__Exercise directions__: Every record below should be printed exactly as given.

__Records for the exercise__:
== == ==
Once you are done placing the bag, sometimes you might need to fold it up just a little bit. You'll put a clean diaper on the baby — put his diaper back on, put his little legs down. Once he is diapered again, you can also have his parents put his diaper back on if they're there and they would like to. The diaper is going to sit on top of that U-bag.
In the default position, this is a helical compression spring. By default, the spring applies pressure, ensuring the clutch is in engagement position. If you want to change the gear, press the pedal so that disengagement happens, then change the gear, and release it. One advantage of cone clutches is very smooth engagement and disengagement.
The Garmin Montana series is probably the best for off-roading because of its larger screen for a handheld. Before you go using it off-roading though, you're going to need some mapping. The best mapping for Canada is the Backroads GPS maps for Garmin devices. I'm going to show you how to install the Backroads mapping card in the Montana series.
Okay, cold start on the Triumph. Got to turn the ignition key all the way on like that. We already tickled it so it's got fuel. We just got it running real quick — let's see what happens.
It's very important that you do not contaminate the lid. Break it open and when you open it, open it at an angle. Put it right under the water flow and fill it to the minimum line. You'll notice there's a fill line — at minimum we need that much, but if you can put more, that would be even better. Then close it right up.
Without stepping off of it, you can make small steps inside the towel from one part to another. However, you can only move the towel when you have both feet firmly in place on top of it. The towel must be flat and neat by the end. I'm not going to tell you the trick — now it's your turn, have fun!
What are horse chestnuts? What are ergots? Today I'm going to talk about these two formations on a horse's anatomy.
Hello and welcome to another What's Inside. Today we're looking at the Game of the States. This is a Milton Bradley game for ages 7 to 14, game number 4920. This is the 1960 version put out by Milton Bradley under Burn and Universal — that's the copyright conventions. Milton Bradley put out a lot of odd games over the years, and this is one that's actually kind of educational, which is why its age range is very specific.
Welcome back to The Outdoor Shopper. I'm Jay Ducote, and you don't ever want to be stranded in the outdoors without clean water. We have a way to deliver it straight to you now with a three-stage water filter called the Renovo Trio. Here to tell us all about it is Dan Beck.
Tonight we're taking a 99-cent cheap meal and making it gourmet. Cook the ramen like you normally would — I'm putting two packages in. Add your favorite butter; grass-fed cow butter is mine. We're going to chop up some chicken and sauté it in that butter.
== == ==
__Reply__:
Once you are done placing the bag, sometimes you might need to fold it up just a little bit. You'll put a clean diaper on the baby — put his diaper back on, put his little legs down. Once he is diapered again, you can also have his parents put his diaper back on if they're there and they would like to. The diaper is going to sit on top of that U-bag.
In the default position, this is a helical compression spring. By default, the spring applies pressure, ensuring the clutch is in engagement position. If you want to change the gear, press the pedal so that disengagement happens, then change the gear, and release it. One advantage of cone clutches is very smooth engagement and disengagement.
The Garmin Montana series is probably the best for off-roading because of its larger screen for a handheld. Before you go using it off-roading though, you're going to need some mapping. The best mapping for Canada is the Backroads GPS maps for Garmin devices. I'm going to show you how to install the Backroads mapping card in the Montana series.
Okay, cold start on the Triumph. Got to turn the ignition key all the way on like that. We already tickled it so it's got fuel. We just got it running real quick — let's see what happens.
It's very important that you do not contaminate the lid. Break it open and when you open it, open it at an angle. Put it right under the water flow and fill it to the minimum line. You'll notice there's a fill line — at minimum we need that much, but if you can put more, that would be even better. Then close it right up.
Without stepping off of it, you can make small steps inside the towel from one part to another. However, you can only move the towel when you have both feet firmly in place on top of it. The towel must be flat and neat by the end. I'm not going to tell you the trick — now it's your turn, have fun!
What are horse chestnuts? What are ergots? Today I'm going to talk about these two formations on a horse's anatomy.
Hello and welcome to another What's Inside. Today we're looking at the Game of the States. This is a Milton Bradley game for ages 7 to 14, game number 4920. This is the 1960 version put out by Milton Bradley under Burn and Universal — that's the copyright conventions. Milton Bradley put out a lot of odd games over the years, and this is one that's actually kind of educational, which is why its age range is very specific.
Welcome back to The Outdoor Shopper. I'm Jay Ducote, and you don't ever want to be stranded in the outdoors without clean water. We have a way to deliver it straight to you now with a three-stage water filter called the Renovo Trio. Here to tell us all about it is Dan Beck.
Tonight we're taking a 99-cent cheap meal and making it gourmet. Cook the ramen like you normally would — I'm putting two packages in. Add your favorite butter; grass-fed cow butter is mine. We're going to chop up some chicken and sauté it in that butter.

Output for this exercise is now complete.